La Presse Canadienne nous apprenait hier que l’Agence du Revenu du Canada planche sur un site Web visant à corriger les erreurs recensées dans les médias à son endroit.
Si l’initiative est louable, en ce sens qu’elle permettrait de rectifier le tir quand une erreur factuelle se glisse dans un reportage, la pratique usuelle consiste généralement à contacter les journalistes afin qu’ils publient eux-mêmes une correction.
Plusieurs éléments de la dépêche me font toutefois grincer des dents, à commencer par ceci:
Cette page lui permettrait de rediriger les journalistes vers des réponses toutes préparées lorsqu’elle est inondée d’appels sur un sujet controversé.
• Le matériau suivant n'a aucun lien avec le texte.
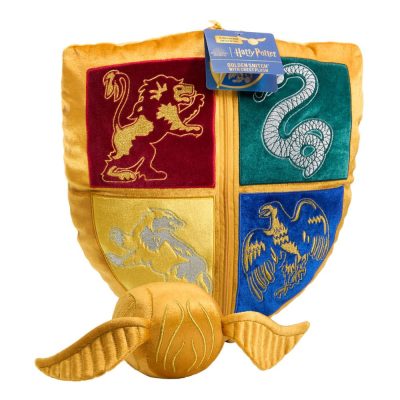 Harry Potter Cushion with Plüss Figura Quidditch Crest & Golden Snitch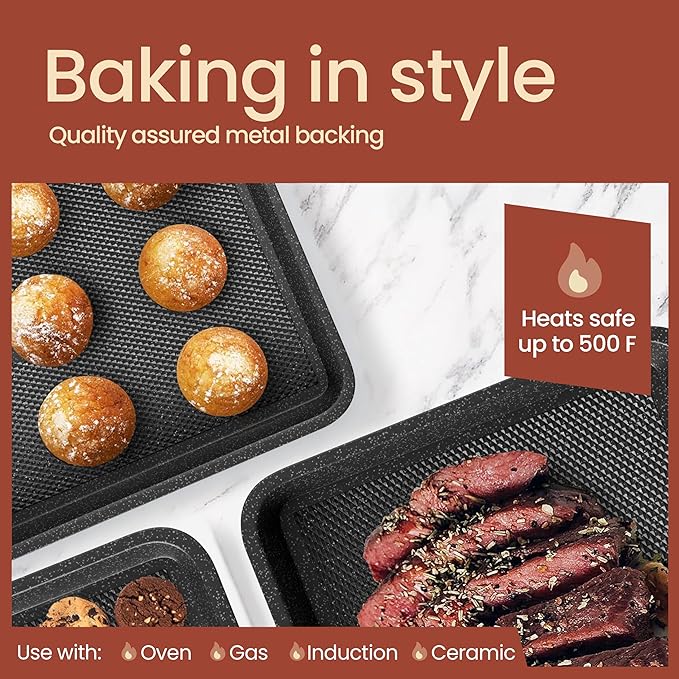 BAKKEN Kitchen Baking Pans - Nonstick Gray Coating, 13.58’’ × 9.65’’ Commercial Grade Carbon Steel Cookie Sheet, Diamond Texture Bottom, PFOA, PFOS, PTFE Free, Oven Safe Tray (450°F), Gray Marble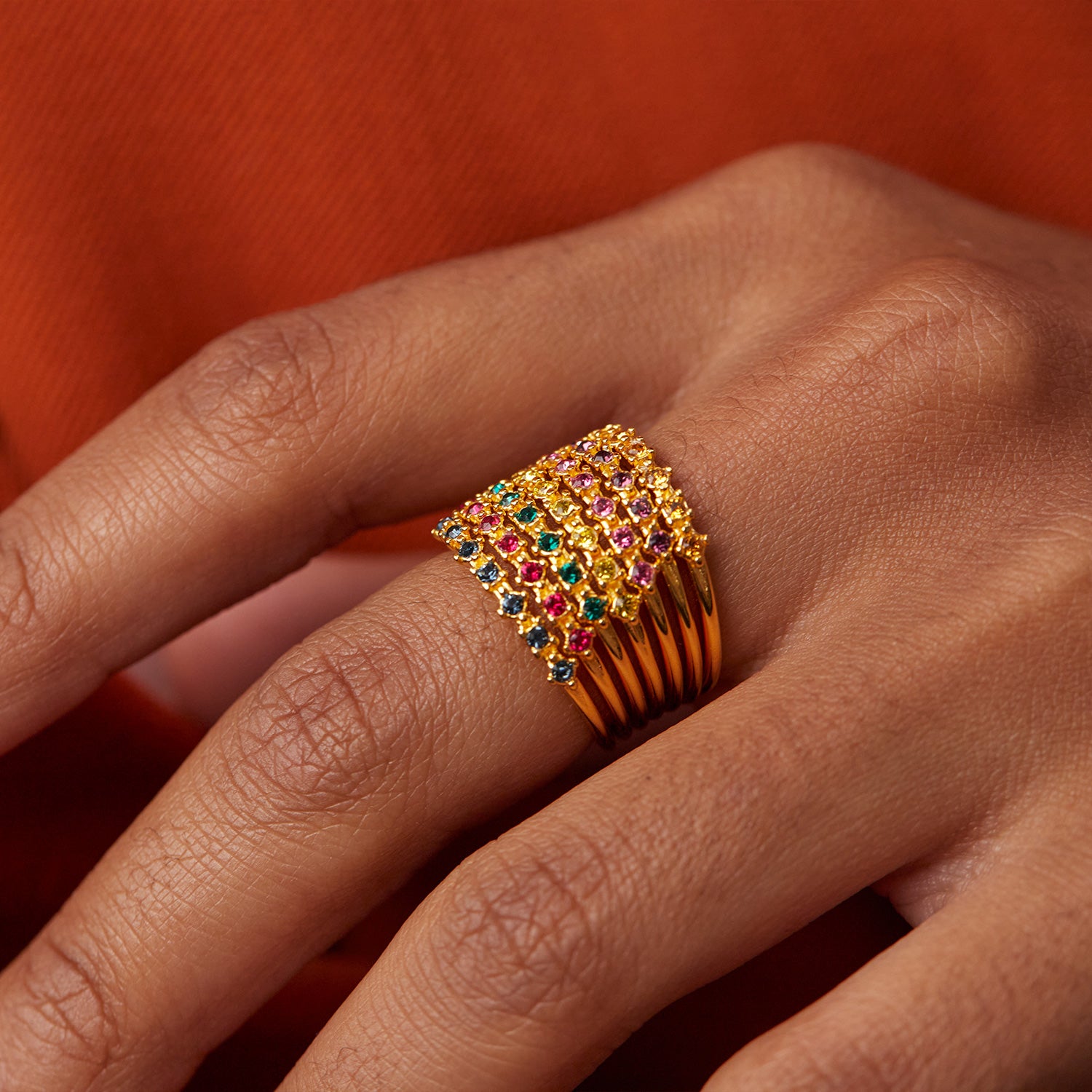 Grüne Kristalle Color Delight Ring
En cas de non réponse, une réponse rédigée d’avance permet au journaliste d’intégrer le point de vue de la source sur un sujet X même s’il n’a pas réussi à la contacter. C’est pratique à l’occasion, il faut l’admettre.
Mais règle générale, il n’y a rien de pire qu’une réponse « toute préparée », parce qu’elle empêche parfois le journaliste d’approfondir le sujet. Celui qui prépare la réponse suppose parfois que le journaliste se contentera des informations présentées. Mais souvent, on a besoin d’aller plus loin, ou on a besoin de précisions. Et plus le sujet sera controversé, plus ce sera le cas. Bref, il serait fort probable que l’agence soit tout de même inondée d’appels.
Par ailleurs, une réponse rédigée d’avance, même si elle révèle des informations, ne signifie pas qu’on agit en toute transparence, car les éléments divulgués sont choisis par la source, qui choisit donc aussi de ne pas en divulguer d’autres.
De plus, la dépêche reproduit un commentaire issu d’une note d’information, qui laisse transparaître une intention quelque peu différente de l’ARC que celle d’offrir du contenu tout prêt à l’attention des journalistes.
Cette note d’information vise à faire le suivi d’une discussion avec votre bureau, sur des actions qui pourraient être prises pour faire passer notre message positif dans les cas où la couverture médiatique ne reflète pas le contenu que nous avons fourni.
En envoyant une réponse toute faite aux journalistes, parce qu’on n’approuve pas la manière dont l’information transmise est traitée, n’est-ce pas là une manière de contrôler le message?
Un peu plus loin, la dépêche de la PC fait état des réflexions de l’ARC sur la procédure.
D’un côté, l’agence voit l’avantage de publier des faits et des informations, « tant de manière générale que dans des cas où nous rencontrons des difficultés à générer la reprise par les médias de cette information et à obtenir une couverture équilibrée ».
Certes, il peut être pertinent de diffuser une partie d’information mise de côté par les journalistes, pour le bénéfice de la population. Or, si le seul problème est que le reportage ne reflète pas uniquement les points sur lesquels on souhaitait mettre l’emphase, il ne s’agit pas d’une erreur de fait.
En acceptant de fournir des informations à un journaliste qui s’est bien identifié, il faut accepter que celui-ci puisse traiter le message comme il l’entend et qu’on n’a plus aucun contrôle sur la suite du reportage.
Pour l’ARC, est-ce qu’une couverture équilibrée signifie une couverture lui étant favorable seulement?
On ne le dira jamais assez: les journalistes ne sont pas des courroies de transmission. Ils vont à la recherche d’informations issues de diverses sources, qu’ils combinent et qu’ils comparent, dans le seul but d’apporter un éclairage nouveau sur une situation.